This afternoon, the Lords will vote on the proposed benefits cap of £26,000 per household per year. Many in my own party - the Liberal Democrats, including people like Paddy Ashdown - are expected to vote against the changes.
If, instead of being plain old Stuart Bonar I was swiftly ennobled to Lord Bonar of [my home city] Plymouth, I wouldn't vote alongside Paddy later today, I'd be backing the coalition.
This wouldn't be based on mindless party loyalty (after all, I'd be in the Lords, so the whips would have no real power over me), but on a fair assessment of what is proposed. After all, these are changes supported by the Independent newspaper, hardly a bastion of the Right.
When I stood for parliament at the last election one thing that kept coming up on the doorstep time and again was a resentment amongst working people - often people earning not very much - that they had to work, 9 to 5 (or longer), whilst some of their neighbours were living just as well on benefits.
At first, I confess, I was a little sceptical. I thought that this was just someone repeating what the tabloids had been saying. But I decided to look into it, and to be honest I come to the same conclusion as them. And having spoken to a few people who were the resented recipients of benefits, they themselves were often resentful of the situation they were in, which did not incentivise them to seek work.
Benefits should of course be there to ensure that those who fall on hard times do not suffer unduly, but work should always be the more rewarding track. And the coalition government is starting to make that so. They are, for example, implementing the Liberal Democrat policy of lifting a million working people out of paying income tax altogether and cutting income tax for a further 23 million working people. Left to themselves, remember, the Conservatives were intending not on cutting income tax for the poorest but on cutting inheritance tax for the richest.
And right now, in parliament, they are trying to reform benefits, and that's what is before the House of Lords today. These reforms would ensure that families on benefits would continue to receive as much money as a household with an income of £36,000 before tax, £26,000 after tax (equivalent to £500 per week). That is hardly stingy, and more than a great many working people earn.
And, yes, people are right when they say that this may price benefit recipients out of certain areas, particularly the most expensive areas of London. But working people are priced out of those areas too. I can see that the State has a responsibility to ensure that people in need get housed and fed and clothed, and all that, but they don't have the right to live wherever they want, even in the priciest neighbourhoods in the land.
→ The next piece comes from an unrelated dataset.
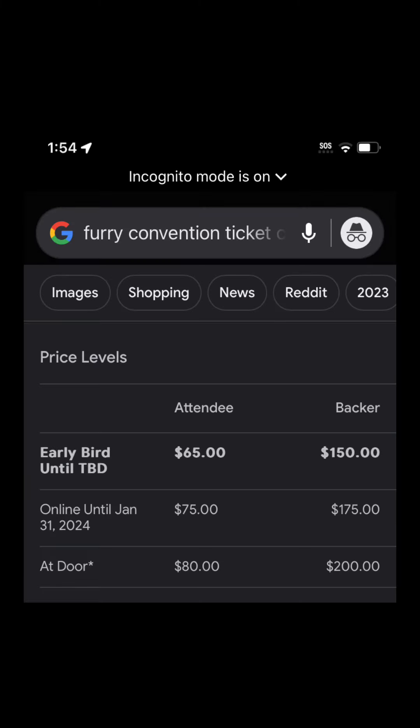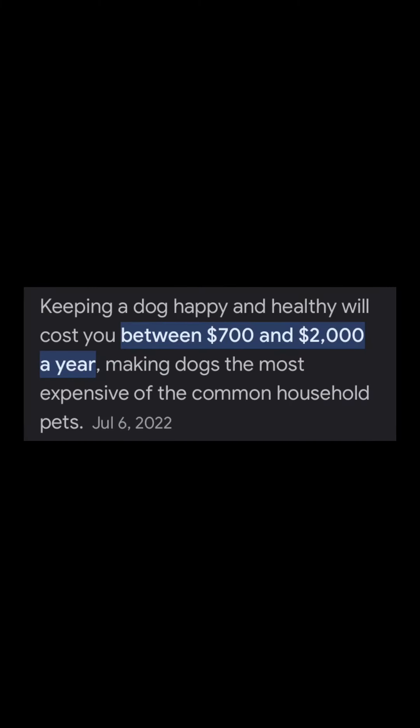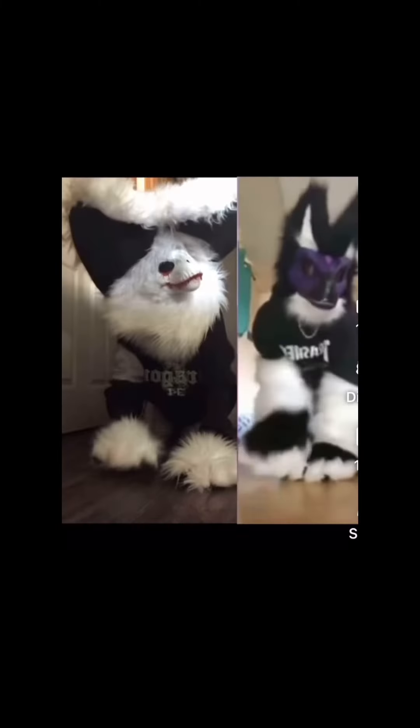Tickets to a convention are probably above the roof in prices. I understand dogs are expensive, but you do not want your child to become this.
Work should be rewarding, and the coalition government is trying to make that so. Not just with income tax cuts for the poorest working people, but with measures like the Youth Contract, which will help get people into work. A cap on the maximum income a family can get in benefits complements this approach perfectly, and certainly when it's set at a rate that is generous but which draws a line under being a disincentive to work.